Não basta colocar uma placa na estrada com o limite máximo de velocidade de 120 km/h. É necessário ter fiscalização e previsão e aplicação de sanções que levem o condutor a agir de maneira responsável. Da mesma forma, construir um novo regime fiscal exige disciplinar as receitas, as despesas, a dívida pública e o patrimônio. A recente proposta é como a placa que passará a informar o limite máximo, mas que, sozinha, será insuficiente para dirimir os enormes equívocos e excessos cometidos na direção das contas públicas.

A boa notícia é que já tramitam no Congresso Nacional alguns projetos que ajudariam a formar um bom código fiscal. É o caso daqueles que tratam das normas gerais de orçamentos e contabilidade pública, da responsabilidade de empresas estatais, da criação do conselho de gestão fiscal, da responsabilidade fiscal nos Estados e do controle da dívida federal.

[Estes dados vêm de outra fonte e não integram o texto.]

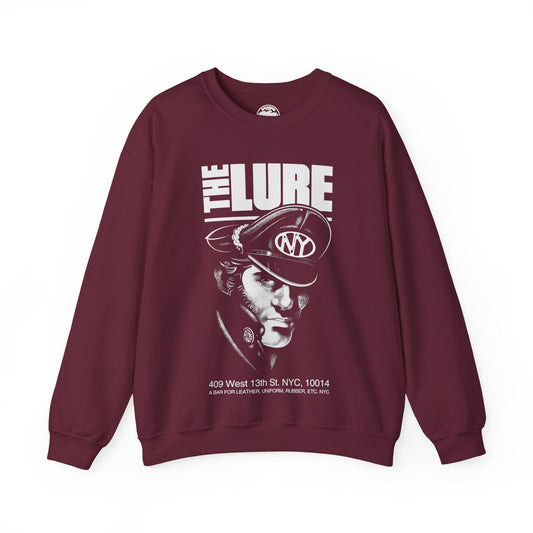 The Lure Sweatshirt (NYC Gay Leather/Fetish Bar 1994-2004)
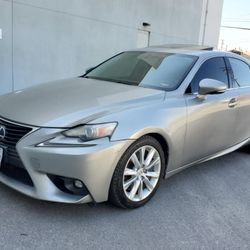 2016 Lexus Is200T Clean Title 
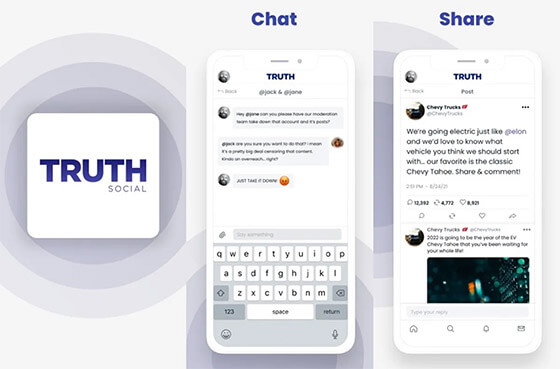 Imagen - Truth Social: qu&eacute; es y c&oacute;mo funciona la red social de Trump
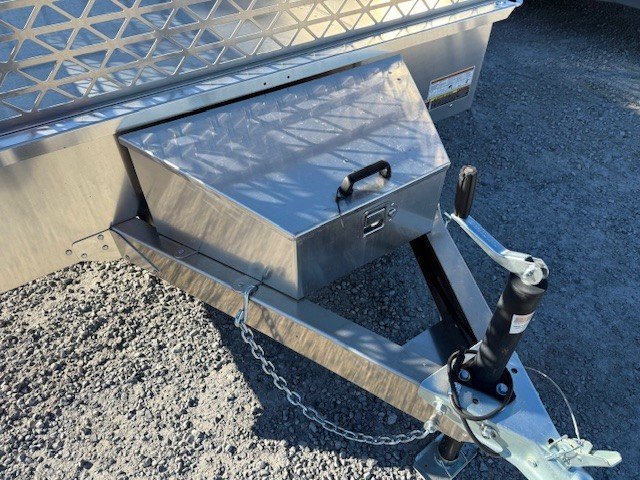 6'x12' Belmont Aluminum - Removable Sides Upgrade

Aliás, fixar limites para a dívida da União é crucial para assegurar sucesso à limitação do gasto. A experiência internacional mostra que muitos dos países que adotaram o teto para o gasto também fixaram limite para a dívida. No caso do Brasil, bastaria aprovar o projeto de resolução nos termos do substitutivo do senador José Serra, no plenário do Senado, para o limite entrar em vigor. O texto prevê uma trajetória gradual de redução da dívida em proporção da receita no prazo de 15 anos.

Alerta. Outro entrave para calibrar de forma adequada a velocidade máxima do gasto é que pelo menos 14 rubricas da despesa pública estão sujeitas a algum tipo de indexação ou vinculação. Elas representam R$ 700 bilhões. Não por outro motivo, o professor Edmar Bacha tem alertado que o teto poderá paralisar o governo, se não for bem feito. Bacha também tem lembrado, diante de nosso vício de atentar apenas para o resultado primário (que não considera os juros pagos pelo setor público), a importância do déficit nominal.

Se o déficit primário federal for de R$ 170 bilhões, até o final do ano, com juros pagos em torno de R$ 460 bilhões (sendo metade referente aos custos das operações cambiais e compromissadas do Banco Central), o déficit nominal poderá chegar a impressionantes R$ 630 bilhões, ou 10,5% do Produto Interno Bruto (PIB). O superlativo desses números é inversamente proporcional à qualidade do debate público sobre os efeitos fiscais das políticas do Banco Central.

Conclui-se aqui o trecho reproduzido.